Of course, the students at Jefferson High School benefitted as well, gaining the opportunity to experience teaching first hand, while developing the content knowledge, pedagogical skills, and college and career readiness skills they will need to successfully pursue a teaching career.  At this morning’s celebration, the students reflected on their time in the class, and one concluded: “This experience has inspired me to pursue a career with kids and has definitely made me more interested in becoming a future educator.”

Recruiting tomorrow’s teachers today, starting with high school students, is more important than ever.  The impending retirement of the baby boom generation (1/3 of California teachers are over the age of 50), coupled in California with a precipitous drop in the number of students enrolled in teacher preparation programs (a 70% decline in the last decade), means that the chronic shortage of qualified STEM teachers has become much worse, and expanded to all subject areas. In fact, according to the California Department of Education, the 2015-16 school year began with 21,500 open teaching positions, while only 15,000 new teaching credentials are issued per year.  Project Tomorrow is pleased to share that we are addressing this problem through our Tomorrow’s Teachers Initiative programs, YouthTEACH2Learn and Educators Rising California.  Participation in both grew tremendously last year, and is on track to do so again in 2016-17.

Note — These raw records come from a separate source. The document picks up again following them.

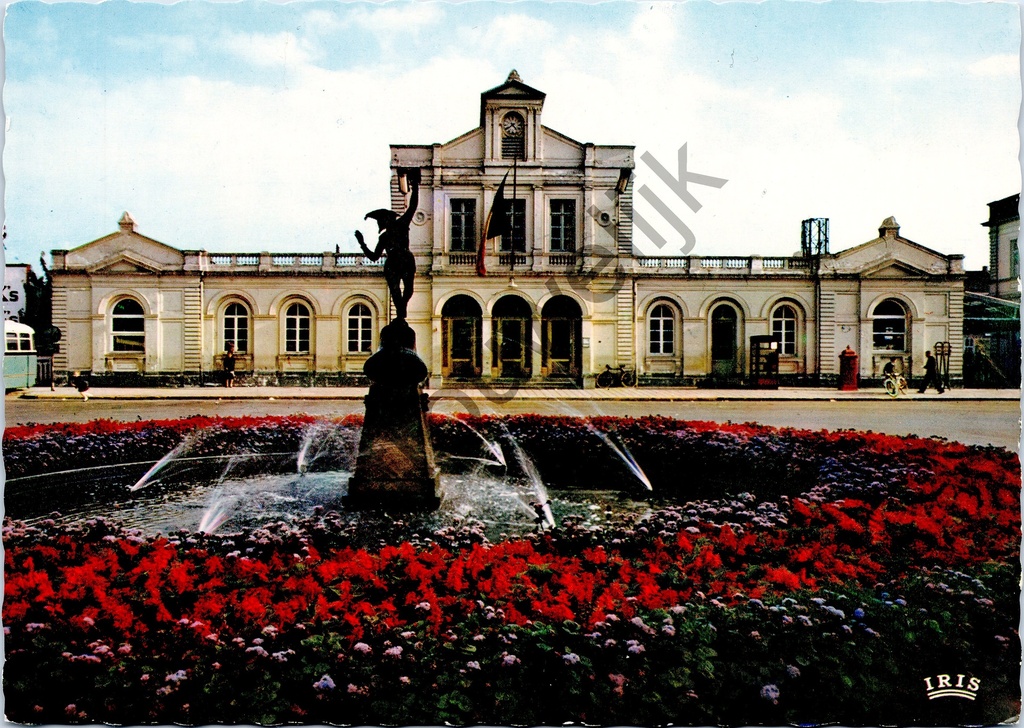 [Ronse0168] Ronse - "The Statie and Folkloric statue "Zotte maandag"" - Station with fountain and folkloric statue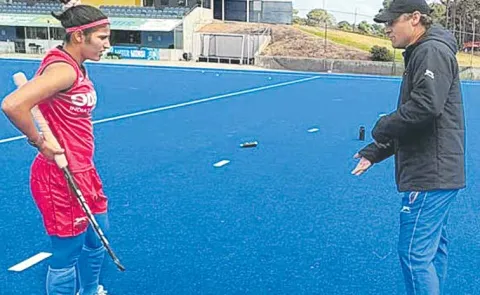 Drag flicking training led by Teke Tekema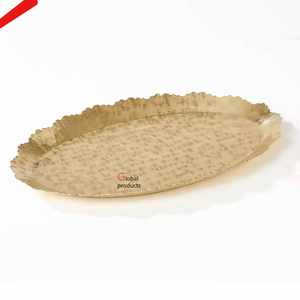 Plateau de service en métal de forme ovale de finition dorée de qualité supérieure pour la décoration de fête d'hôtel à la maison - Product Image 1
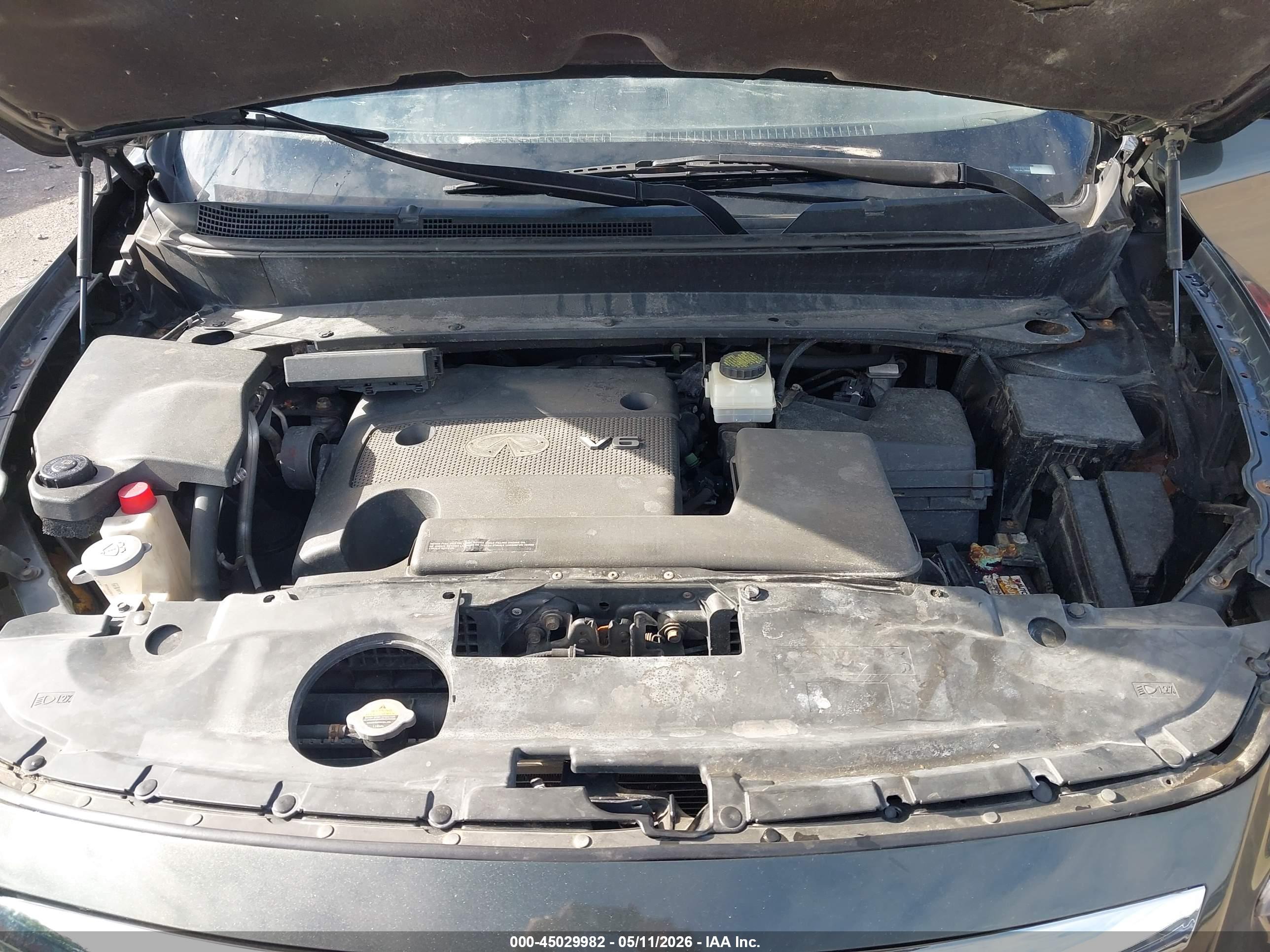 INFINITI JX35 image 10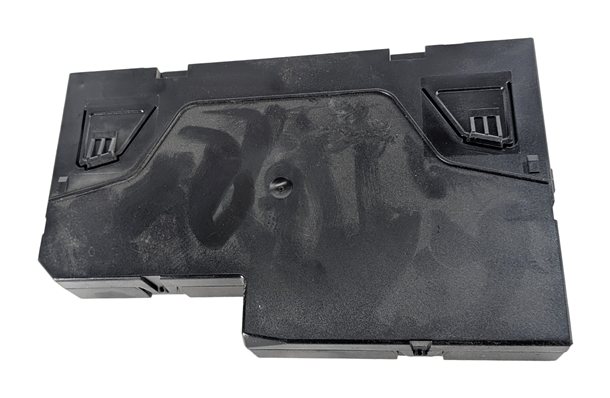 Thumbnail 6: 11-15 MERCEDES C250 C300 C350 (W204) REAR SIGNAL ACQUISITION CONTROL MODULE SAM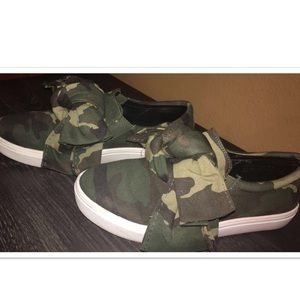 Camo shoes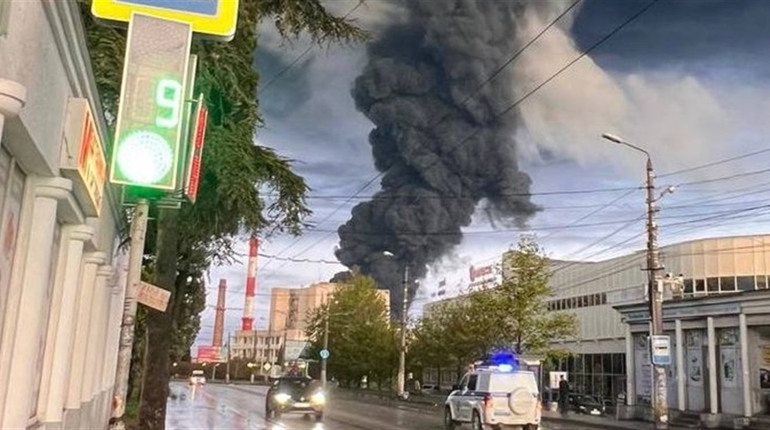 Ранок в Севастополі: в резервуар з паливом влучив БПЛА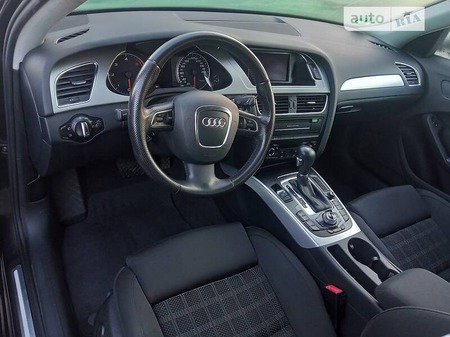 Audi A4 Limousine 2011  випуску Львів з двигуном 0 л дизель універсал автомат за 12999 долл. 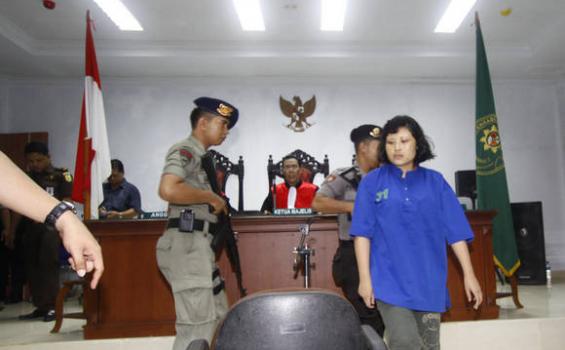Pengunjung Sidang Putri Diminta Lepas Sendal dan Sepatu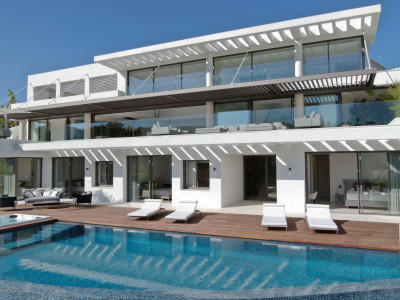 Villa for sale in La Quinta, Benahavis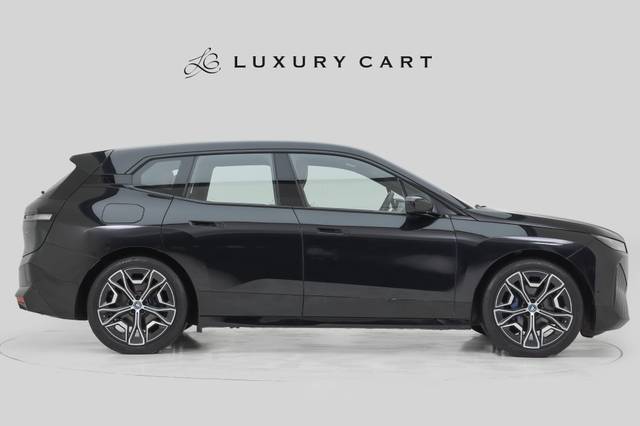 https://images10.gaadi.com/usedcar_image/4388596/original/processed_c1a13402ef39e020c2486f0f10de0675.jpg?imwidth=6401
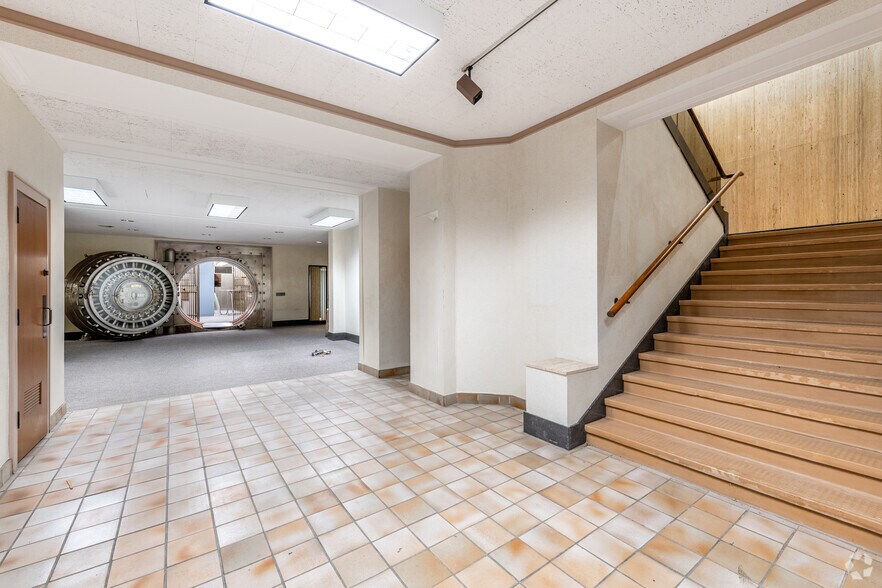 More Photos Of 126 Central Plaza North, Canton Office For Lease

In the meantime, we hope that you will join us in offering our congratulations to the YouthTEACH2Learn students at Jefferson High School.  We hope that they will continue on the path to becoming teachers, and we wish them the best of luck in all of their future endeavors.

YouthTEACH2Learn is a career exploration program where students explore teaching as a career. During the course, the students gain practical experience by observing elementary school classrooms, learning how to teach, developing and teaching standards-based lessons to younger students in neighboring elementary schools and participating in local community service projects. In addition, students also have the opportunity to meet local educators, attend career panels, and visit local college campuses in order to determine if teaching is a “good-fit” for their professional goals. To learn more about YouthTEACH2Learn, visit http://www.tomorrow.org/programs/yt2l.html.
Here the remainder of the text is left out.